I am at my parents place since past week, swamped with fasting, feasting and family. Amidst that mom brought this funny fact in light. 

Right now I am 26, and the sister is 20. Mom said, she was 20 when she conceived me and 26 when she conceived the sister :). 
 
And we just wondered on the changed scenarios over the years. How both me and my sister are far away from our mom’s situation when she was passing our current ages. 

How over the years you realise your Mom is always right!!!

Some random examples….

 – I was 16, first year college, when after years to be confined to a same uniform, we get to explore our fashion sense if any or the lack of it. I loved the Jeans and Kurta look i adopted along with the people who used to compliment me almost daily. I used to add some funky accessories too which were equally appreciated. My jhola bag collection was also quite talked about so was my desi street style footwear collection. 
 
Ya you are getting it right, sort of the then Journalist look, so next came the  kajal, the smudged eyes. I wore it once, and my mom said its looks awful, funny in a way. I ignored her that time, like when we do in peak teenage. I wore it for a couple of days,  third day when I was back from college Mom wore the Kajal and yes she looked awful too. That was the last time I wore Kajal. How did i came to conclusion so quickly, i resemble my Mom almost 80%, it was an easy one. 
 
– The sister grew, she came in college and she was fascinated by danglers. Kajal looks beautiful on her. Mom warned her too, telling her how overdoing it looks bad, she like me ignored her…. and one day while getting ready for a party Mom wore the Danglers and showed it to the Sister…and the decision was  made once again.
 
– Now on some serious issues, Mamma is a very open minded person, she would have been okay if I would have founded a guy for myself. I do know that, still she always emphasized that it would be better if the person you marry is of the same community, I used to laugh saying ‘agar aisa hai,, toh aap hee dhoond dena’.  Laugh because I am not a religious person by any standard.  In fact I always felt more inclination and interest in other religions than my own because of the rigidness in ours.
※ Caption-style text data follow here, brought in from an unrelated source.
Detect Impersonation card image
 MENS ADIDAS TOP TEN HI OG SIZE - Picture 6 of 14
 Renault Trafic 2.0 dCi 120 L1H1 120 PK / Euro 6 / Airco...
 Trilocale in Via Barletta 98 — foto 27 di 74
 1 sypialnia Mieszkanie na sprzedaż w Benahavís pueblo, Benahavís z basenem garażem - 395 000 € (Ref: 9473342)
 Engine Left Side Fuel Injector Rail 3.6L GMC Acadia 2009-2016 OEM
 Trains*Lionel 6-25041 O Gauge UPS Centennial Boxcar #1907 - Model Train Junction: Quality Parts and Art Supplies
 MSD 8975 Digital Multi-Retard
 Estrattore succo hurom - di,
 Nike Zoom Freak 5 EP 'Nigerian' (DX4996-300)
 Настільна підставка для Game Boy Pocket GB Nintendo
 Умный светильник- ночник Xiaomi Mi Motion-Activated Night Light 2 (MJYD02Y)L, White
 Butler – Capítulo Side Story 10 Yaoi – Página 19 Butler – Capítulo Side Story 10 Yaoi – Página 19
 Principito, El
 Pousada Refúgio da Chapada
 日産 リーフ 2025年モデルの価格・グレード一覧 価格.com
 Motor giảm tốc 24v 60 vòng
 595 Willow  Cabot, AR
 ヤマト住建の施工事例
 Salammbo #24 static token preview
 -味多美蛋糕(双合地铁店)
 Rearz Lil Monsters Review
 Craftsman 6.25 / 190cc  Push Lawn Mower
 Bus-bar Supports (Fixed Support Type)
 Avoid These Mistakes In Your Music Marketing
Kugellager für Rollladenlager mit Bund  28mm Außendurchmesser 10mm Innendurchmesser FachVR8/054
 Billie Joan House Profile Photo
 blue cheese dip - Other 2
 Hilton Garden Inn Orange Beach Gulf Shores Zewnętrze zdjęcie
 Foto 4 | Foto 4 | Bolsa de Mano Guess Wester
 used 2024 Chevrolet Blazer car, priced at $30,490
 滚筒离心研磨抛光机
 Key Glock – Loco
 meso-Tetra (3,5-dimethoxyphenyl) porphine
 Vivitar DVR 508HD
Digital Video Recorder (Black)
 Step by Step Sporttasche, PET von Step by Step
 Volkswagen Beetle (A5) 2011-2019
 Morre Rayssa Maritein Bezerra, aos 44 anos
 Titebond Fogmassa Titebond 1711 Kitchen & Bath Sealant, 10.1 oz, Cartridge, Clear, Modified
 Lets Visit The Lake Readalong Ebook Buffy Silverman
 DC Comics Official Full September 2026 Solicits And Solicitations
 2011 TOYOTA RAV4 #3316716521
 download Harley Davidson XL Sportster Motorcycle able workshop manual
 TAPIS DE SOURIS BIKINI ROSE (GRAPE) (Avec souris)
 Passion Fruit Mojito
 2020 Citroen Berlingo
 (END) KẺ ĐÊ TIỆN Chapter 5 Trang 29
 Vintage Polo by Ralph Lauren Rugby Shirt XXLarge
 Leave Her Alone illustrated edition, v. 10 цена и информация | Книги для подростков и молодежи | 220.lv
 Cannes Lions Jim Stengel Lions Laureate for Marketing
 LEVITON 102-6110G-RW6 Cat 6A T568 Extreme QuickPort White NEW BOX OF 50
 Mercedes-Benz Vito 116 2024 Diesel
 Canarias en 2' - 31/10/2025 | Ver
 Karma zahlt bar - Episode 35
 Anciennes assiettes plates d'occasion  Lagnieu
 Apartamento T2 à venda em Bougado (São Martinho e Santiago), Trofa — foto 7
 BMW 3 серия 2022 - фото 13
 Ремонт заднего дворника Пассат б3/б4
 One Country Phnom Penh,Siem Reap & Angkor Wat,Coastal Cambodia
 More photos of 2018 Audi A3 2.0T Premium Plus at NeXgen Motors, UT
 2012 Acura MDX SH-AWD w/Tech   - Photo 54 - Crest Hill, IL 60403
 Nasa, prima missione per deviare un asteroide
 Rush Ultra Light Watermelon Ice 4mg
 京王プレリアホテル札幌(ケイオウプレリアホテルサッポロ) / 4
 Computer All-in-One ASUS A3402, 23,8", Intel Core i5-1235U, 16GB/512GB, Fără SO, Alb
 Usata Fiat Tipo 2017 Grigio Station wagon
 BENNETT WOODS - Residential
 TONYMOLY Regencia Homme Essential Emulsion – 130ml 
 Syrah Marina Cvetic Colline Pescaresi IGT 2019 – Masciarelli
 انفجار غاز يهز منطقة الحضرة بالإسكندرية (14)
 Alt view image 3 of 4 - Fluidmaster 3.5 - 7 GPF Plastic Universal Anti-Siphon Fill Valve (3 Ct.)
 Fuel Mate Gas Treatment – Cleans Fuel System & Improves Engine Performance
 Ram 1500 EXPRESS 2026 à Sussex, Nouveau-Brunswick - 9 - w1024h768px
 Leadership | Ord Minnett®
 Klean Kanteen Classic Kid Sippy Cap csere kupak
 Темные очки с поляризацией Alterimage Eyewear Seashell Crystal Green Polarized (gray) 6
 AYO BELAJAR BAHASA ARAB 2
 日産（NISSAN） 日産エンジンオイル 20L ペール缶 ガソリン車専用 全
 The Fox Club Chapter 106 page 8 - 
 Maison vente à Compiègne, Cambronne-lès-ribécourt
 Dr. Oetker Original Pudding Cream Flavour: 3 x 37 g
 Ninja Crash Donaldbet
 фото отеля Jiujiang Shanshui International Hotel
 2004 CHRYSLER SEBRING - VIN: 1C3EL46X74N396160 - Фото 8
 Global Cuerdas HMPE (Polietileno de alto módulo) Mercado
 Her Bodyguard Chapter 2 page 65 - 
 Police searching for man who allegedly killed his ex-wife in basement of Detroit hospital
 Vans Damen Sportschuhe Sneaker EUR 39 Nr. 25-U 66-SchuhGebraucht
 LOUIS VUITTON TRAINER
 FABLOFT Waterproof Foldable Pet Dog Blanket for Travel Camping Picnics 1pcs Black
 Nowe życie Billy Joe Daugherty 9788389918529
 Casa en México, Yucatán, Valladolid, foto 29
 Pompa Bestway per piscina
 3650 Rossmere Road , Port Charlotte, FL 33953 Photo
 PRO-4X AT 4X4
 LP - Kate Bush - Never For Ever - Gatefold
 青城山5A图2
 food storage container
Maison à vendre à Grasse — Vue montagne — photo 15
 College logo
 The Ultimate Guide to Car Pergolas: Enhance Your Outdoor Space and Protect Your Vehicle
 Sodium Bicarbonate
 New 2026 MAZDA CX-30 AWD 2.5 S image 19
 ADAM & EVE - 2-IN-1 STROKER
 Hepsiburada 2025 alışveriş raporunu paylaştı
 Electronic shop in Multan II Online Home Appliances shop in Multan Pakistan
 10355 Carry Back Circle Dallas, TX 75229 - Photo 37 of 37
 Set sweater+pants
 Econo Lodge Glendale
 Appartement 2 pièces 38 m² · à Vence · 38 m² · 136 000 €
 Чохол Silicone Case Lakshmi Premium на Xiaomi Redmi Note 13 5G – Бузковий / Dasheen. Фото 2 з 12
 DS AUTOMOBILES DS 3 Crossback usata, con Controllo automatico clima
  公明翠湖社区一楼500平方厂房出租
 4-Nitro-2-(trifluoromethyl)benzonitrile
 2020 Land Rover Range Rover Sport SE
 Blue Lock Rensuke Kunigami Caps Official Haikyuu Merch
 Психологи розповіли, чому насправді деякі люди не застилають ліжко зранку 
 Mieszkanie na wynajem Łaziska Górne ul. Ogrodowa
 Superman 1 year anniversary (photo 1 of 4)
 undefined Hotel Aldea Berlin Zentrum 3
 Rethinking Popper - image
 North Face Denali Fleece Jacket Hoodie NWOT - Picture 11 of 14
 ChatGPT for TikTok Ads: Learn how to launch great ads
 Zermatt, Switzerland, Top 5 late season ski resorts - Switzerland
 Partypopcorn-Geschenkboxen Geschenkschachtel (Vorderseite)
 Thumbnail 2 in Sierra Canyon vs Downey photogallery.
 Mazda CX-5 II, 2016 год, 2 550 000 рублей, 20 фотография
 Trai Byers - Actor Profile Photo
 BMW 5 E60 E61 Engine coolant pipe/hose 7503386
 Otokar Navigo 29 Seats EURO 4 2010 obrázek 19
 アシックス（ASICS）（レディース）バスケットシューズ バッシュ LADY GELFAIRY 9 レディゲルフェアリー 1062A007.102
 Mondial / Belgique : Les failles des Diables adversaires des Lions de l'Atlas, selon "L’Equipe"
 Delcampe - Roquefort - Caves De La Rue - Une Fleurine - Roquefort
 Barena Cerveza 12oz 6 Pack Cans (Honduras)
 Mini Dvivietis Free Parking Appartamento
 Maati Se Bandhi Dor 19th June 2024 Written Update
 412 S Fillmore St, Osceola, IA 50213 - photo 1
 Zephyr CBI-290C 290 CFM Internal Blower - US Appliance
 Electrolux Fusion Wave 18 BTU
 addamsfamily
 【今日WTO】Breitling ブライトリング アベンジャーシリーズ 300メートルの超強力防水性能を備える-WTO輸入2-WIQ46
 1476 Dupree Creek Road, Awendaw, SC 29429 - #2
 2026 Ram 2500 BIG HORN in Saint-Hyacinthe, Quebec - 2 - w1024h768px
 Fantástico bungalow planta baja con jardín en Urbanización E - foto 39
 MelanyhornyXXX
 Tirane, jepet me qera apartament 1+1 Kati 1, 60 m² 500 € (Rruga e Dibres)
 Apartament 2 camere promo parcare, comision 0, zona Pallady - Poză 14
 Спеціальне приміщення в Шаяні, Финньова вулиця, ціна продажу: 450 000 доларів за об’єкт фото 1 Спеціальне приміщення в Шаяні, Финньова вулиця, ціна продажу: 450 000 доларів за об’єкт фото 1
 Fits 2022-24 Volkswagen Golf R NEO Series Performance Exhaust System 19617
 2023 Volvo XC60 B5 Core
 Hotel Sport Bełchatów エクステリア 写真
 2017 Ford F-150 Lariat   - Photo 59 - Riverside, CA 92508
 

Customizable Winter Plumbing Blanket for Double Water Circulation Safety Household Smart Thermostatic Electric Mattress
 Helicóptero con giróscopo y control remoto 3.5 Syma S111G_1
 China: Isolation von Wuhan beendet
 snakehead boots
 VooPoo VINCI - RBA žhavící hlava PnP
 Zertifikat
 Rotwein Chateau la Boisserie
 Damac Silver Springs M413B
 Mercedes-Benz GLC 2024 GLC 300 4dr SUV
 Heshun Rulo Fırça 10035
My mom used to reason out saying there are somethings that goes in you without you even knowing about it and as you grow up in age, those things starts appearing on the surface.  And years passed by we sharing that joke, i got into couple of relationships which fortunately did not work out.
And now when I am married to TBH, I am glad we share a common community and religion, I am glad we are so comfortable among each other’s family, I am glad it is gradually becoming one family, I am glad the way we can share so much together, I am so glad the way life is unfolding. And I am so surprised by the fact that how my Mom is always right.
 
– Me and TBH are trying to reduce the extra flab we have acquired over the years, I have finally started realizing the importance of being fit, I am reading a lot about the same thing and you know how they say always dividing your meals in 5-6 small portions, Ms Rujuta Diwekar (Kareena Kapoor fame dietician shares similar opinion), how it is always right to listen to your stomach and stop eating right before you feel full etc etc. Its difficult for me to cook less in quantity, first for just two people and second that too just enough quantity without wasting the food and without punishing our stomachs.  All the reading and trials remind me how Mom always emphasized on fresh cooking, how the quantity was just enough, how there were hardly any leftovers used to be there in her kitchen, and sometimes when we used to argue for some of our favourite stuff – rice, kheer, halua, all chat items etc that ‘zyada banaya karo,  we want to eat a lot’. She calmly used to say this is just enough. Now I understand the importance. And still ours was one of the house where get to gathers every weekend was a common place and still is, I have never seen any family among my peers having so many family – friends lunches dinners. 
 
– How she always used to make sure that all grocery is stuffed before the fridge/boxes get empty.
 
So on and so forth, and I am happy that a lot of her is in me in looks, in nature and the habits she has inculcated in me. Gradually and beautifully they are surfacing in my character and I am lovinnn IT :).